Stochastic Primal-Dual Algorithms with Faster Convergence than $O(1/\sqrt{T})$ for Problems without Bilinear Structure
This work addresses a bottleneck in optimization for machine learning by enabling faster convergence in a broader class of min-max problems, though it is incremental as it builds on existing stochastic methods.
The paper tackles the limitation of stochastic primal-dual algorithms that require bilinear structure for faster convergence, proposing new algorithms that achieve a convergence rate of O(1/T) for convex-concave problems without this assumption, such as in robust model learning and AUC maximization.

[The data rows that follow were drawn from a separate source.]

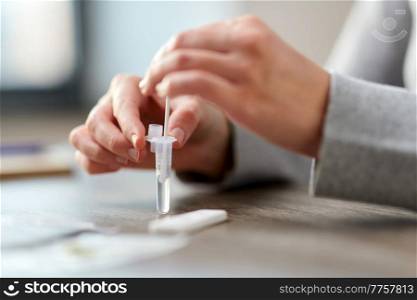 medicine, self testing and pandemic concept - hands of woman making coronavirus test and stirring swab in reagent at home. woman making self testing coronavirus test at home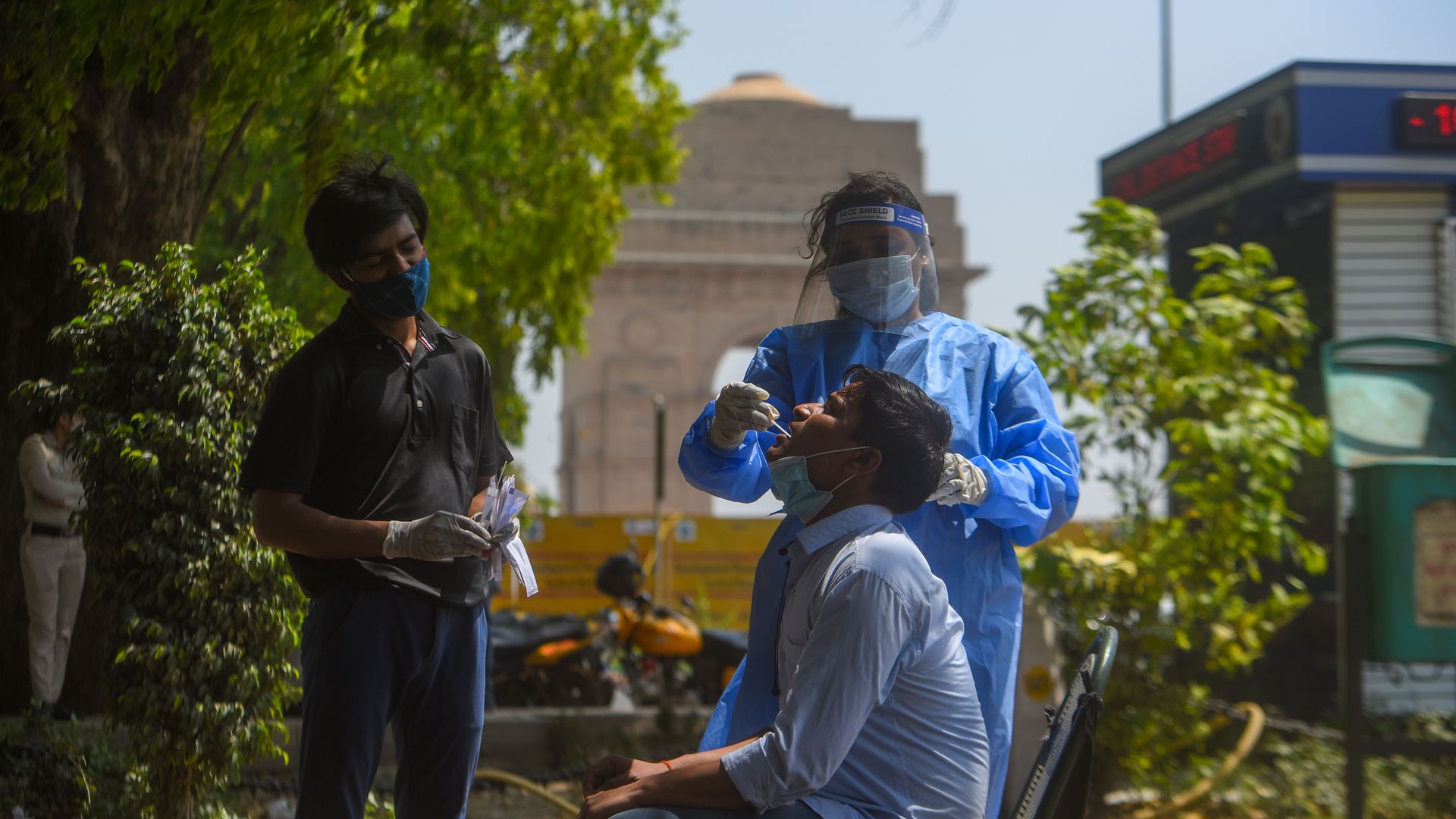 A health worker collecting a swab sample from a person for coronavirus (Covid-19) testing at India Gate, on April 4, 2021 in New Delhi, India.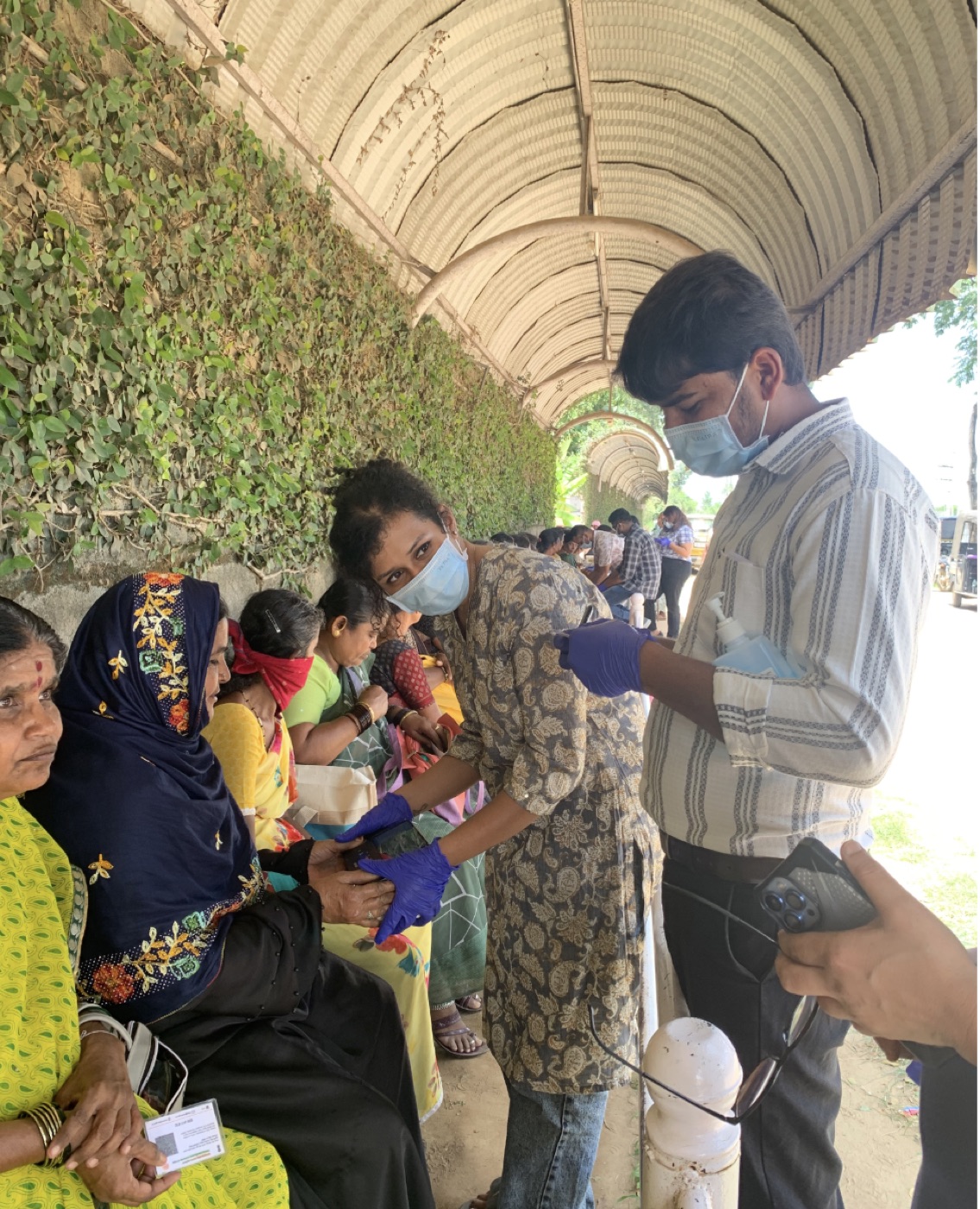 Tricog volunteers screening seated patients along a shaded corridor at the Village Clinic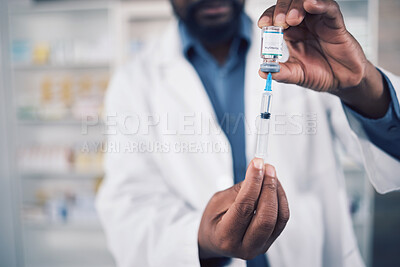 Hands, doctor and vaccine, injection and bottle with medicine, healthcare and safety from virus zoom. Person in pharmacy with drugs, liquid and syringe with glass container, pharmaceutical and health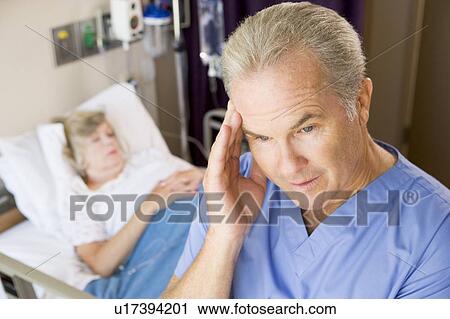 Stock Image - Doctor Standing In Patients Room, Looking Frustrated. Fotosearch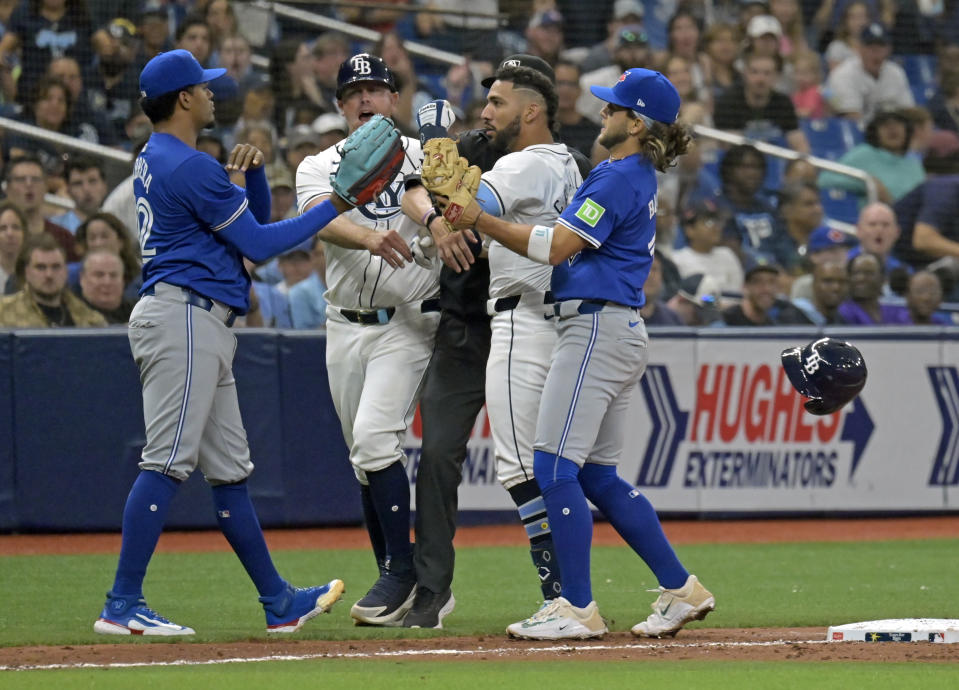 Tampa Bay Rays third base coach Brady Williams, center left, and Toronto Blue Jays shortstop Bo Bichette, right, try to break up a confrontation between Tampa Bay's Jose Caballero, center right, and Toronto Blue Jays reliever Genesis Cabrera, left, after Cabrera pushed Caballero during the seventh inning of a baseball game, Saturday, March 30, 2024, in St. Petersburg, Fla. (AP Photo/Steve Nesius)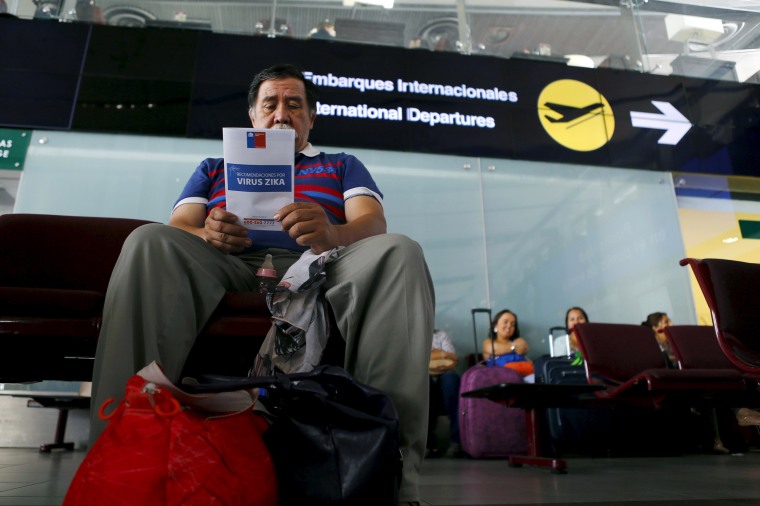 Image: A man reads a zika virus flyer from an information campaign by the Chilean Health Ministry at the departures area of Santiago's international airport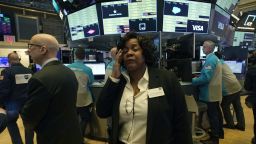 Yvette Arrington, with the New York Stock Exchange reacts as traders on the floor gather before the opening bell on the New York Stock Exchange on March 9, 2020 in New York. - Trading on Wall Street was temporarily halted early March 9, 2020 as US stocks joined a global rout on crashing oil prices and mounting worries over the coronavirus.The suspension was triggered after the S&P 500's losses hit seven percent. Near 1340 GMT, the broad-based index was down more than 200 points at 2,764.21. (Photo by Timothy A. Clary/AFP/Getty Images)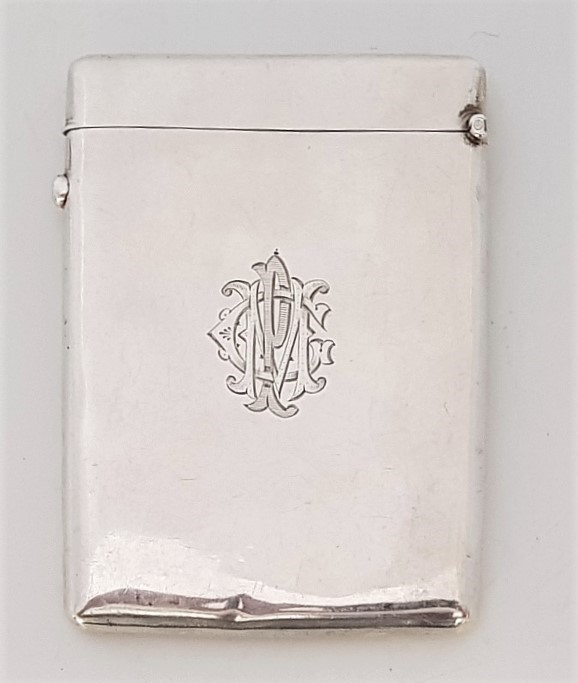 A silver card case, by Horton & Allday, assayed Birmingham 1902, the front repousse cherubs within a - Image 2 of 2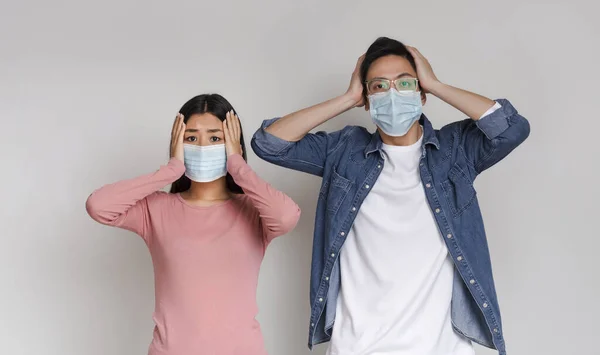 Coronavirus Paniek. Aziatisch paar in beschermende maskers met bang gezicht expressie — Stockfoto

Previous studies on stochastic primal-dual algorithms for solving min-max problems with faster convergence heavily rely on the bilinear structure of the problem, which restricts their applicability to a narrowed range of problems. The main contribution of this paper is the design and analysis of new stochastic primal-dual algorithms that use a mixture of stochastic gradient updates and a logarithmic number of deterministic dual updates for solving a family of convex-concave problems with no bilinear structure assumed. Faster convergence rates than $O(1/\sqrt{T})$ with $T$ being the number of stochastic gradient updates are established under some mild conditions of involved functions on the primal and the dual variable. For example, for a family of problems that enjoy a weak strong convexity in terms of the primal variable and has a strongly concave function of the dual variable, the convergence rate of the proposed algorithm is $O(1/T)$. We also investigate the effectiveness of the proposed algorithms for learning robust models and empirical AUC maximization.